Progress MS-01 (), identified by NASA as Progress 62P was a Progress spaceflight operated by Roscosmos to resupply the International Space Station (ISS) in 2015. It was launched on 21 December 2015, to deliver cargo to the ISS. Progress MS-01 is the first vehicle in the Progress-MS series.

History 
The Russian Progress is an uncrewed cargo resupply spacecraft that is largely based on the crewed Soyuz. It is used to resupply Space Stations and was used for the Russian Salyut and Mir space stations as well as the International Space Station that receives three or four Progress flights a year.

Spacecraft 
Progress MS represents the latest generation of Progress spacecraft introduced in late 2015 in an upgrade (Article 11F615A61) from the Progress M-xxM spacecraft (Article 11F615A60) that was inaugurated back in November 2008, succeeding in the Progress M configuration flown since 1989. This latest update in the line of Progress spacecraft, also to be introduced on the crewed Soyuz craft, is largely focused on communications and navigation systems that are upgraded using modern electronics. Progress MS introduces a new KURS navigation system, a new radio, the use of GPS / GLONASS for navigation, and the use of a proximity communications link for relative navigation. These changes will not significantly change the external appearance of the Progress except for the number of deployable antennas present on the spacecraft and beginning with the third cargo ship (No.433), each Progress MS spacecraft can carry up to four containers for launching up to 24 CubeSats for deployment.

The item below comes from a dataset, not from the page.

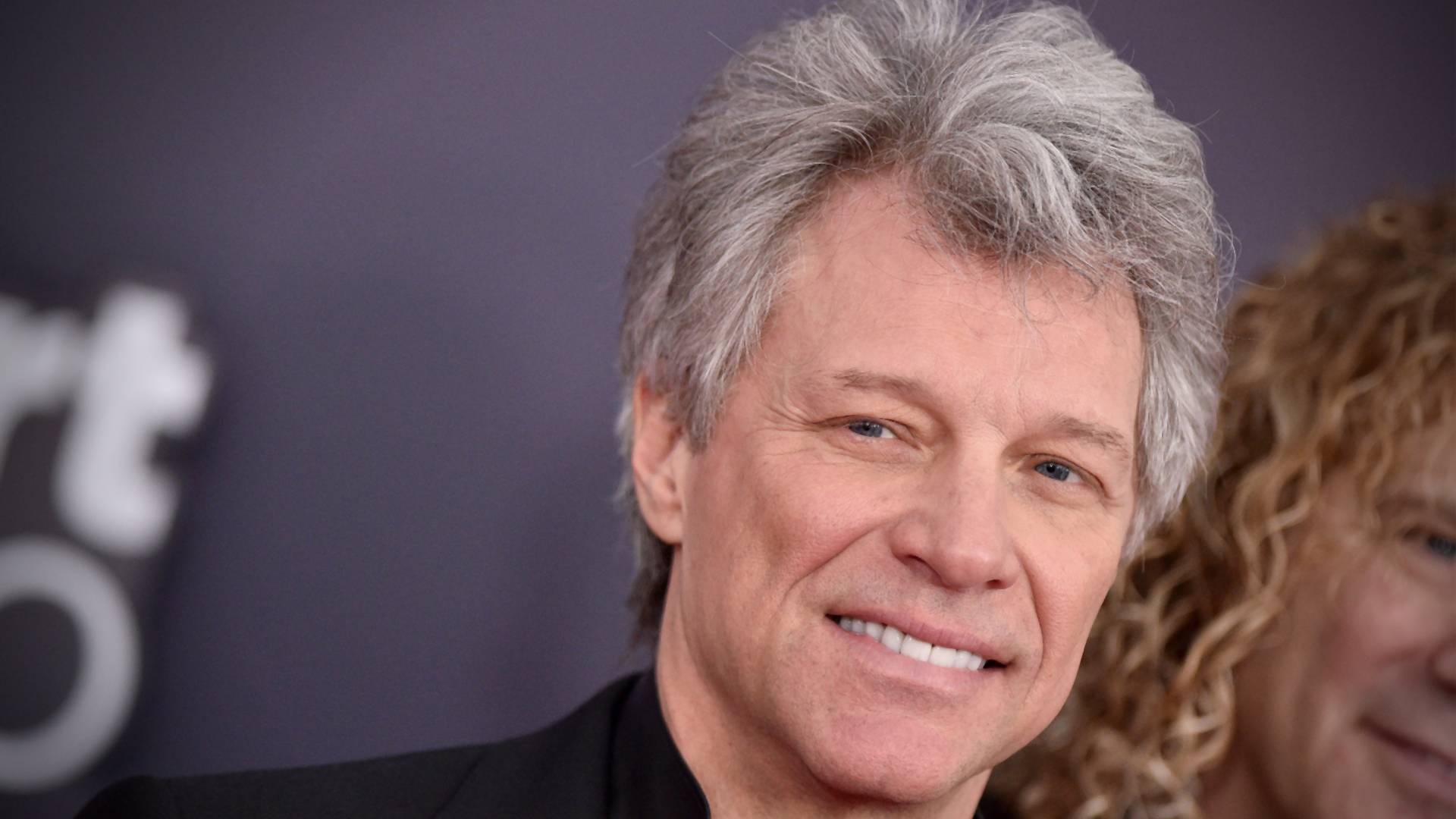 Jon Bon Jovi pomáha v boji s koronavírusom, v neziskovej reštaurácii umýval riady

Progress MS has been designed to launch atop the upgraded Soyuz 2.1a launch vehicle that will allow the craft to carry a greater cargo upmass to the International Space Station. The spacecraft is still compatible with the Soyuz-U rocket that is being phased out in a soft transition to the newer version, alternating flights between the two to iron out any problems with no significant interruption of the supply chain to International Space Station (ISS). Progress spacecraft can dock to any port on the Russian Orbital Segment (ROS) of the International Space Station, but usually use the Pirs docking compartment and the aft docking port on the Zvezda service module.

Once docked and secured in place, the hatch to the pressurized cargo carrier can be opened by the crew to unload the cargo. Because it is crewed in orbit (crew members can enter the spacecraft), Progress is classified as a crewed spacecraft, although it is launched without a crew. During its stay at the Space Station, all cargo is transferred to ISS. This includes dry cargo that is transferred by the crew, water that is also transferred internally, oxygen, and nitrogen gas that is released to repressurize the station's atmosphere and propellant which is transferred via a dedicated transfer system being fed to tanks on the Russian Orbital Segment (ROS).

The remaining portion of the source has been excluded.